-------- Data --------

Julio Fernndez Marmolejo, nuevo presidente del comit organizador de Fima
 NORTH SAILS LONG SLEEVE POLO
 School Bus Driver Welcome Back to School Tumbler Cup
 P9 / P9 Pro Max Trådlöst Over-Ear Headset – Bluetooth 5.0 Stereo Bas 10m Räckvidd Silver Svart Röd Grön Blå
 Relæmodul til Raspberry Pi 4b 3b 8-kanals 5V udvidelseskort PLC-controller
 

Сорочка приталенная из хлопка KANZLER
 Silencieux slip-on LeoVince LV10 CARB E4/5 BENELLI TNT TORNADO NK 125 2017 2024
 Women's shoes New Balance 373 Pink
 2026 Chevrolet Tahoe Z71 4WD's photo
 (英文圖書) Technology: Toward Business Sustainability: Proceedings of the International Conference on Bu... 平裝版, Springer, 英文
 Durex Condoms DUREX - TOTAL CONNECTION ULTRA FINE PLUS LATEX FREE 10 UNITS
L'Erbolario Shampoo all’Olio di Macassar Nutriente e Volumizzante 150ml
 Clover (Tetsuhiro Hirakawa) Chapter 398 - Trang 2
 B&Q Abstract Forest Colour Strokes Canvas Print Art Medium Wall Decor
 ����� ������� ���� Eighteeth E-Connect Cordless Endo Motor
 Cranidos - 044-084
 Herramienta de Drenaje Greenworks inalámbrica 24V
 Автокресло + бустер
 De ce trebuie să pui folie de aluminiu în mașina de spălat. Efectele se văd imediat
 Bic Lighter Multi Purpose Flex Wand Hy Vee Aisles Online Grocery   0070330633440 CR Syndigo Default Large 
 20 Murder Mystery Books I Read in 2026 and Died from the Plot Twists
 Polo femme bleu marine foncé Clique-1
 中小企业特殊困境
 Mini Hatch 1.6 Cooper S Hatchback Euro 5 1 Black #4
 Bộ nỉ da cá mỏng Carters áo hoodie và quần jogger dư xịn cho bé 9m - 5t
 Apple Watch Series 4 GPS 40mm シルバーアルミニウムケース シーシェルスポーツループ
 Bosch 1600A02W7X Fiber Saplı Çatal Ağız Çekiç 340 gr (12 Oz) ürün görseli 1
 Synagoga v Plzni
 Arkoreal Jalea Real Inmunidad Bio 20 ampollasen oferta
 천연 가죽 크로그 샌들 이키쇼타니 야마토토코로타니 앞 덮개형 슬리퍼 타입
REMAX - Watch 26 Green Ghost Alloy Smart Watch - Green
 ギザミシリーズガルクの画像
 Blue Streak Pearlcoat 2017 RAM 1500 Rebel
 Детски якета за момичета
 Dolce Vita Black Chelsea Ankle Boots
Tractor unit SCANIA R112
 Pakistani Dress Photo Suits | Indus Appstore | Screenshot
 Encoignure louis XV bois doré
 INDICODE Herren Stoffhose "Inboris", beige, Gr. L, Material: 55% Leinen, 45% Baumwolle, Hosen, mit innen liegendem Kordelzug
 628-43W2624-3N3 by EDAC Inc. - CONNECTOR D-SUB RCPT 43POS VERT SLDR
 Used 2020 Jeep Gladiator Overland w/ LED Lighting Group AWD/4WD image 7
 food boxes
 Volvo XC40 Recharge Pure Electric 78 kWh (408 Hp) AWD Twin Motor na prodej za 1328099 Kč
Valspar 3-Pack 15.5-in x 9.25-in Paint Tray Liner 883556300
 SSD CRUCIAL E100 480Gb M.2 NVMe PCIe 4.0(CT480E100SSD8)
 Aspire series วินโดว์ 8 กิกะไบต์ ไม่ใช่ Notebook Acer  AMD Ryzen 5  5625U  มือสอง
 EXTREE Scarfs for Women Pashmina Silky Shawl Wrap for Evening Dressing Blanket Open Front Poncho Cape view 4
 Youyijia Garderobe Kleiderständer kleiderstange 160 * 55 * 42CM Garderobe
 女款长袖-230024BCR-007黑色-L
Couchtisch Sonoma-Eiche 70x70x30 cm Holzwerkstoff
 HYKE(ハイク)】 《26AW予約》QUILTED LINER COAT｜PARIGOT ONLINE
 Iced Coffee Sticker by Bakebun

--------

- What the task requires
Reproduce exactly the lines of the records above from the one with "P9 / P9 Pro" to the one with "Автокресло + бустер", both included, and leave out everything else.

- Expected answer
 P9 / P9 Pro Max Trådlöst Over-Ear Headset – Bluetooth 5.0 Stereo Bas 10m Räckvidd Silver Svart Röd Grön Blå
 Relæmodul til Raspberry Pi 4b 3b 8-kanals 5V udvidelseskort PLC-controller
 

Сорочка приталенная из хлопка KANZLER
 Silencieux slip-on LeoVince LV10 CARB E4/5 BENELLI TNT TORNADO NK 125 2017 2024
 Women's shoes New Balance 373 Pink
 2026 Chevrolet Tahoe Z71 4WD's photo
 (英文圖書) Technology: Toward Business Sustainability: Proceedings of the International Conference on Bu... 平裝版, Springer, 英文
 Durex Condoms DUREX - TOTAL CONNECTION ULTRA FINE PLUS LATEX FREE 10 UNITS
L'Erbolario Shampoo all’Olio di Macassar Nutriente e Volumizzante 150ml
 Clover (Tetsuhiro Hirakawa) Chapter 398 - Trang 2
 B&Q Abstract Forest Colour Strokes Canvas Print Art Medium Wall Decor
 ����� ������� ���� Eighteeth E-Connect Cordless Endo Motor
 Cranidos - 044-084
 Herramienta de Drenaje Greenworks inalámbrica 24V
 Автокресло + бустер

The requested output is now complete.